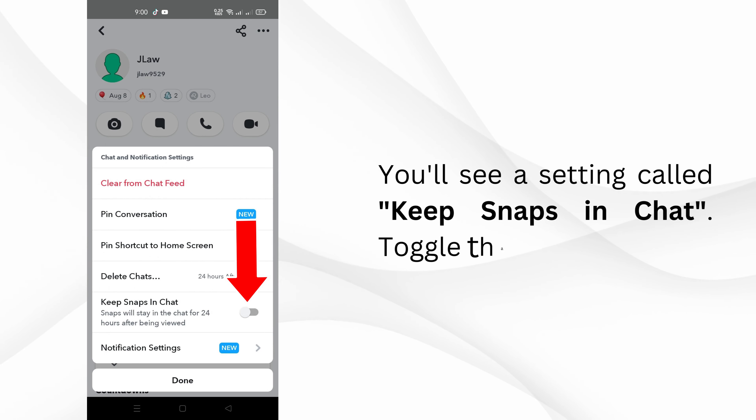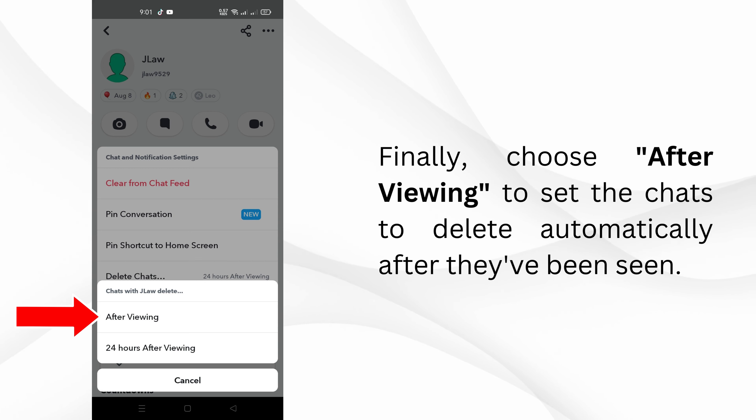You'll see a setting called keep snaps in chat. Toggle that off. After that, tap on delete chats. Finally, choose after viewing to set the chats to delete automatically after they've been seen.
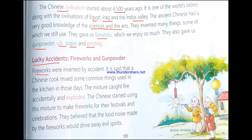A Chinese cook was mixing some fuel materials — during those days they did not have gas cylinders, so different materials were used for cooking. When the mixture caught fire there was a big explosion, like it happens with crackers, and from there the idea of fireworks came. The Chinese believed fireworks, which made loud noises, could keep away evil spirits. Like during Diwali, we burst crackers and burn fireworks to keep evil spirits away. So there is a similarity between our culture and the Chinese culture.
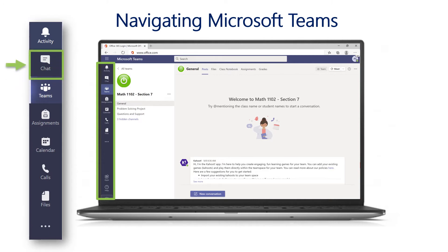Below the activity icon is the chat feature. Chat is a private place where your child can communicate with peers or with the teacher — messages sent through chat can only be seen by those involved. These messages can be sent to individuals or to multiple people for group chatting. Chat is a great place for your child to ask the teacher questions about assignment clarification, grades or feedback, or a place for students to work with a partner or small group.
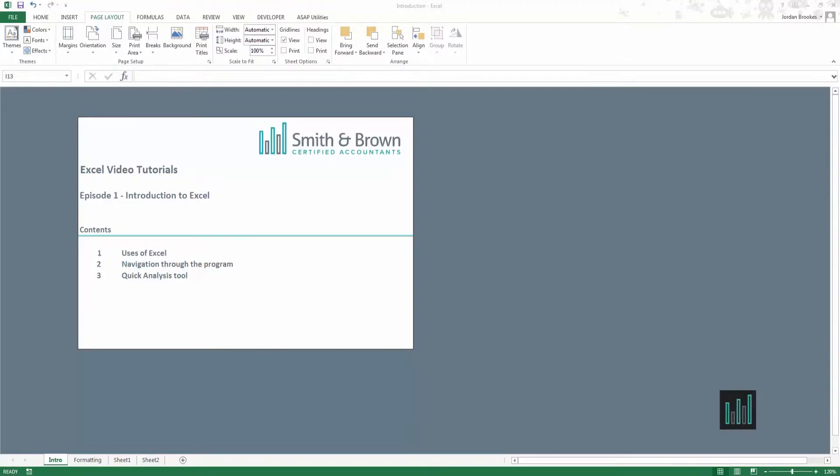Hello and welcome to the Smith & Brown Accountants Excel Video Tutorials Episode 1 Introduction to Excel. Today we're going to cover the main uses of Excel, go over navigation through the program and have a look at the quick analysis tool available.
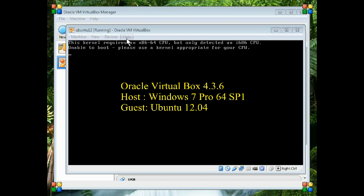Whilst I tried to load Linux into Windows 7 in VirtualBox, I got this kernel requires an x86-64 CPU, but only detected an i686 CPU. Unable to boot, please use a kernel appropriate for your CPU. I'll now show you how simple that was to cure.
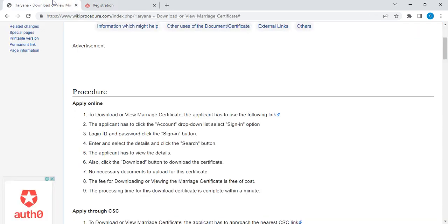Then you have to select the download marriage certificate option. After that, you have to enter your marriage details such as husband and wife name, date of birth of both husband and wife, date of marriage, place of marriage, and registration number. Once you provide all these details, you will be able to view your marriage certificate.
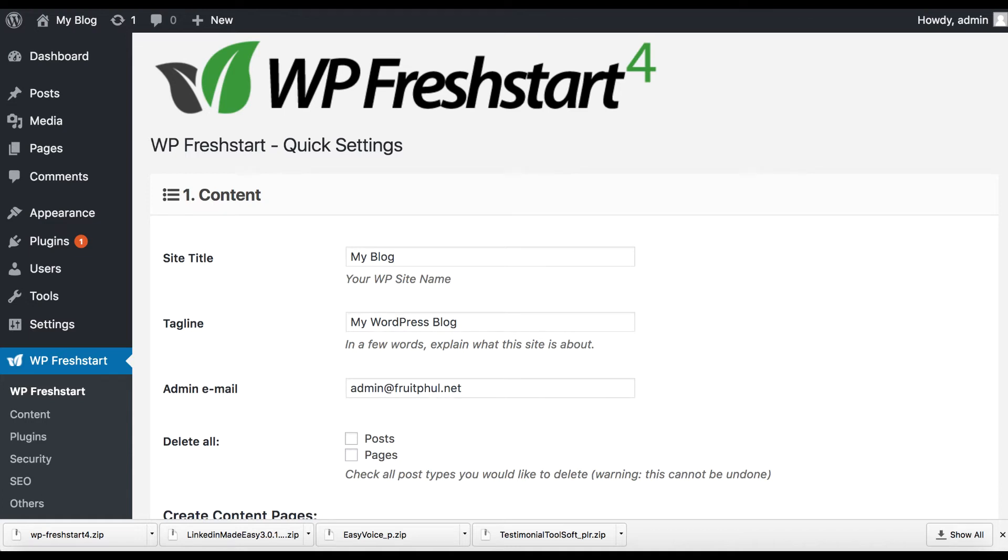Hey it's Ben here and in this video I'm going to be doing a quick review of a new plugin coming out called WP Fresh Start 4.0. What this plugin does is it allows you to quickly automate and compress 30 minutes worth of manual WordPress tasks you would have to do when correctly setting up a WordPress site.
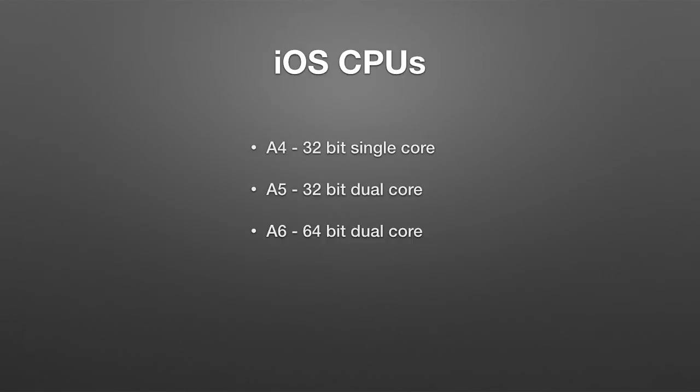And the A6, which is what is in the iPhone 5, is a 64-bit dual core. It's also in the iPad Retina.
────────────────────────────────────────
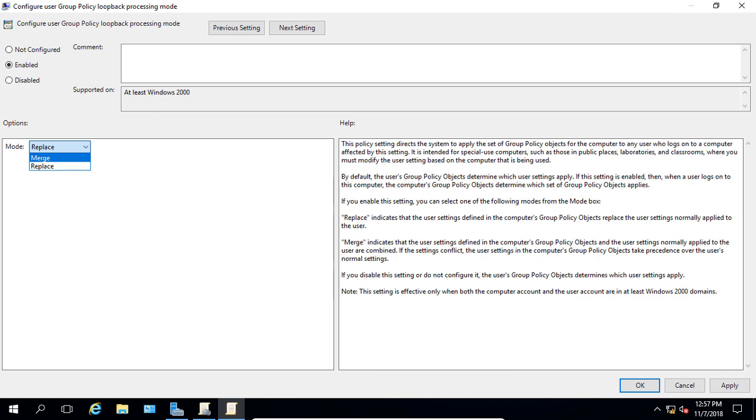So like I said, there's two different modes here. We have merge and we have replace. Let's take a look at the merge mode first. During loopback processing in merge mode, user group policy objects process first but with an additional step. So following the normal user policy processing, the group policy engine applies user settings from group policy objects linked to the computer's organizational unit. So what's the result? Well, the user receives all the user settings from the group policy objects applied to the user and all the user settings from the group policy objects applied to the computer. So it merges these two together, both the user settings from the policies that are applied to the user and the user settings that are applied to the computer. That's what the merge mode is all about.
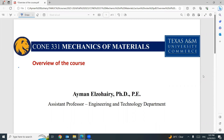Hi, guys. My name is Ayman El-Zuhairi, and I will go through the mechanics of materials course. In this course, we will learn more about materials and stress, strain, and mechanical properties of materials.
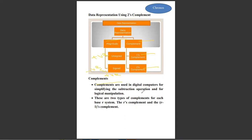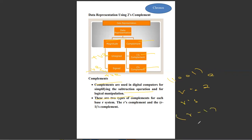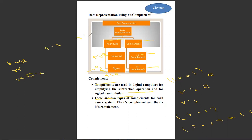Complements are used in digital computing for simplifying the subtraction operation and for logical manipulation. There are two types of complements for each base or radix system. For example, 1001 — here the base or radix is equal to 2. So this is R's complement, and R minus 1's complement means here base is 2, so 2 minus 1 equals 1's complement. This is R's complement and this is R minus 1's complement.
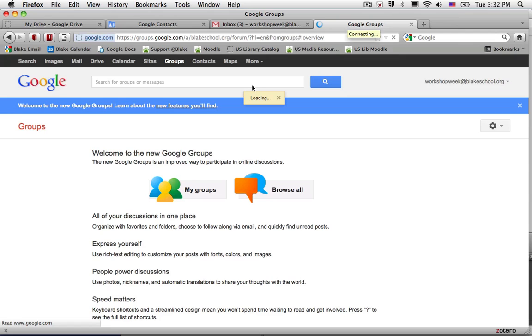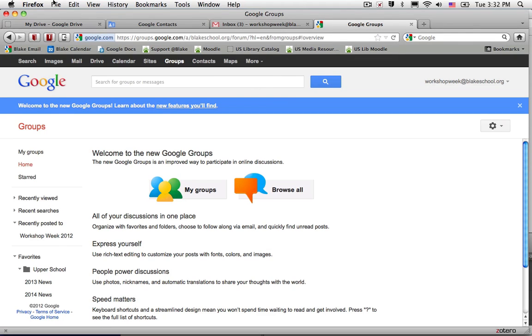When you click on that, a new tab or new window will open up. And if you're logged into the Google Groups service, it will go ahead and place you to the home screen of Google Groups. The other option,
────────────────────────────────────────
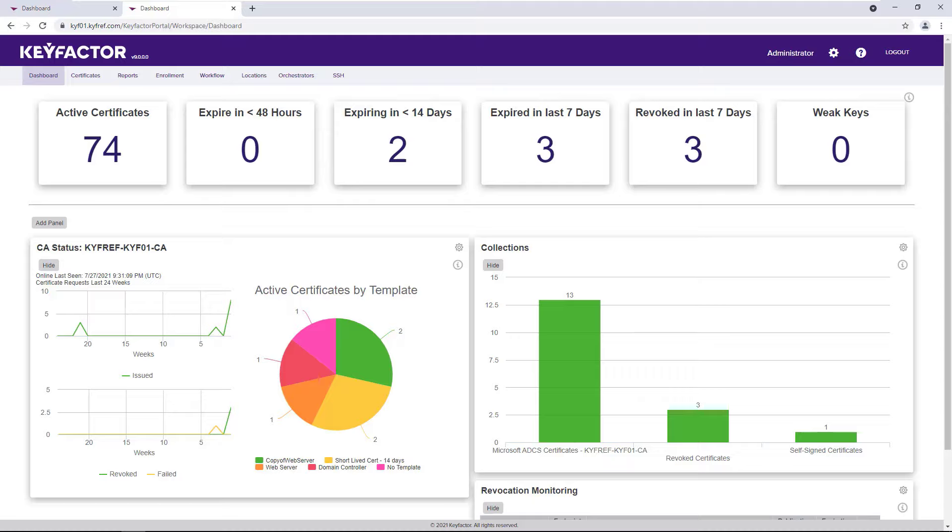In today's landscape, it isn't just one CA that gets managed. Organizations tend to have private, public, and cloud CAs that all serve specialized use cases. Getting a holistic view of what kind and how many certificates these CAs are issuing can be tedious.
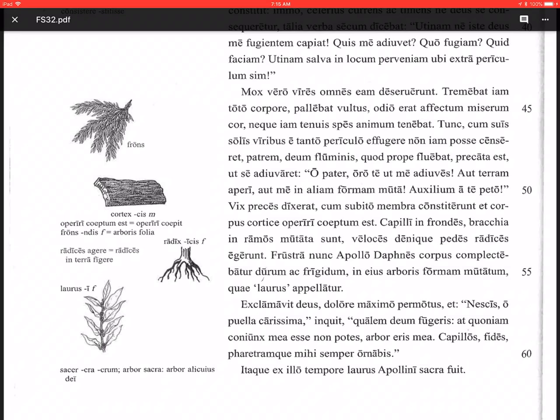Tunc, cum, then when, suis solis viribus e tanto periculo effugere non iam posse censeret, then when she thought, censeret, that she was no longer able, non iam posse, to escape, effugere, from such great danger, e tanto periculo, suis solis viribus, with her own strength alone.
────────────────────────────────────────
### Task item
Each line between the one holding "You'll see a" and the one holding "Then you have", inclusive, should be copied exactly as it appears above, and pictures should be omitted.

### Your response
You'll see a setting called keep snaps in chat. Toggle that off. After that, tap on delete chats. Finally, choose after viewing to set the chats to delete automatically after they've been seen.
A Chinese cook was mixing some fuel materials — during those days they did not have gas cylinders, so different materials were used for cooking. When the mixture caught fire there was a big explosion, like it happens with crackers, and from there the idea of fireworks came. The Chinese believed fireworks, which made loud noises, could keep away evil spirits. Like during Diwali, we burst crackers and burn fireworks to keep evil spirits away. So there is a similarity between our culture and the Chinese culture.
Below the activity icon is the chat feature. Chat is a private place where your child can communicate with peers or with the teacher — messages sent through chat can only be seen by those involved. These messages can be sent to individuals or to multiple people for group chatting. Chat is a great place for your child to ask the teacher questions about assignment clarification, grades or feedback, or a place for students to work with a partner or small group.
Hello and welcome to the Smith & Brown Accountants Excel Video Tutorials Episode 1 Introduction to Excel. Today we're going to cover the main uses of Excel, go over navigation through the program and have a look at the quick analysis tool available.
Whilst I tried to load Linux into Windows 7 in VirtualBox, I got this kernel requires an x86-64 CPU, but only detected an i686 CPU. Unable to boot, please use a kernel appropriate for your CPU. I'll now show you how simple that was to cure.
Then you have to select the download marriage certificate option. After that, you have to enter your marriage details such as husband and wife name, date of birth of both husband and wife, date of marriage, place of marriage, and registration number. Once you provide all these details, you will be able to view your marriage certificate.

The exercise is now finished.